Bereits seit Donnerstag gibt es im gesamten Gebiet mehr als ein Dutzend Straßensperren an großen Kreuzungen, durch die der Verkehr behindert und sogar der geplante Transport einer Ariane-Rakete vom Hafen zur Abschussbasis Kourou verhindert wurde, von wo sie am Dienstag ins All starten sollte. Durch diese öffentliche Aufmerksamkeit erhofft man sich, vier Wochen vor der Präsidentschaftswahl in Frankreich, mehr Aufmerksamkeit in Paris für die Forderungen aus seinem Überseedepartement, das zu den ärmsten des Landes gehört. Wegen der Verkehrsprobleme gibt es bereits ernsthafte Probleme bei der Versorgung der Tankstellen und der Supermärkte, wo sich viele Bewohner des Departements für die bevorstehenden Streiktage mit Vorräten eindecken wollen.

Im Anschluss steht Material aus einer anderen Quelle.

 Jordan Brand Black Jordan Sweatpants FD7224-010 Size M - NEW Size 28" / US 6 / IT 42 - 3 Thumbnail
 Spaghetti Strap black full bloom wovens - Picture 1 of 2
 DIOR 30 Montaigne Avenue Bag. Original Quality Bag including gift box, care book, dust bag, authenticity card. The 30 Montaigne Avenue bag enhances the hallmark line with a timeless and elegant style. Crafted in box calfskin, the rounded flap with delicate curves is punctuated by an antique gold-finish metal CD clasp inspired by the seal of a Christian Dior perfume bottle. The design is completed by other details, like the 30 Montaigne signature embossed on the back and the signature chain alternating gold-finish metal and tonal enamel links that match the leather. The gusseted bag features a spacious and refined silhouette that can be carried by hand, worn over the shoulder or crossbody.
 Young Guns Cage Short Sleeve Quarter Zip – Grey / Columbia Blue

Premierminister Bernard Cazeneuve rief zu »Ruhe und Besonnenheit« auf und hat eine interministerielle Arbeitsgruppe aus Abgeordneten und hohen Beamten unter Leitung des früher in Guayana eingesetzten Präfekten Jean-François Cordet entsandt, um den Dialog mit den Streikenden aufzunehmen.

Albert Dranal, der Generalsekretär der in Guayana führenden Gewerkschaft UTG hat aber bereits erklärt, dass sich die Streikenden dadurch nicht besänftigen lassen und mit der Abordnung nicht zusammentreffen werden. Sie wollen aber auch keine eigene Delegation zu Verhandlungen mit der Regierung nach Paris entsenden, wie das am Sonnabend Überseeministerin Ericka Bareigts vorgeschlagen hatte.

Die hinter dem Generalstreik stehenden 37 Organisationen wollen »keine vorübergehenden Teillösungen« sondern »grundlegende Veränderungen« für das Überseedepartement. Sie verweisen vor allem auf die extrem hohe Arbeitslosigkeit, die mit 22 Prozent doppelt so hoch ist wie im Mutterland und auf die Armut, die jede vierte Familie und 40 Prozent aller Kinder trifft. Hinzu kommen die Mängel im Schulwesen und die vergleichsweise schlechte medizinische Versorgung der Bevölkerung. Die leidet aber auch unter der massiven illegalen Einwanderung aus den südamerikanischen Nachbarländern und der dadurch verschärften Wohnungsnot, sowie unter dem Drogenhandel, hoher Kriminalität und Unsicherheit.

Zu den Organisationen, die zum Generalstreik aufrufen, gehört auch die Organisation der »500 Brüder« des Kollektivs Toukans, einer Art »Bürger-Miliz« aus durchtrainierten, aber unbewaffneten jungen Männern in schwarzer Kleidung und mit Gesichtsmaske, die in den »Problemvierteln« für Ordnung sorgen und Drogenhandel und andere Arten der Kriminalität zurückdrängen. In Französisch-Guayana gab es im vergangenen Jahr 42 Morde, was angesichts der nur 252 000 Einwohner des Departements von der Größe Österreichs einen Rekord für ganz Frankreich und seine Überseegebiete darstellt.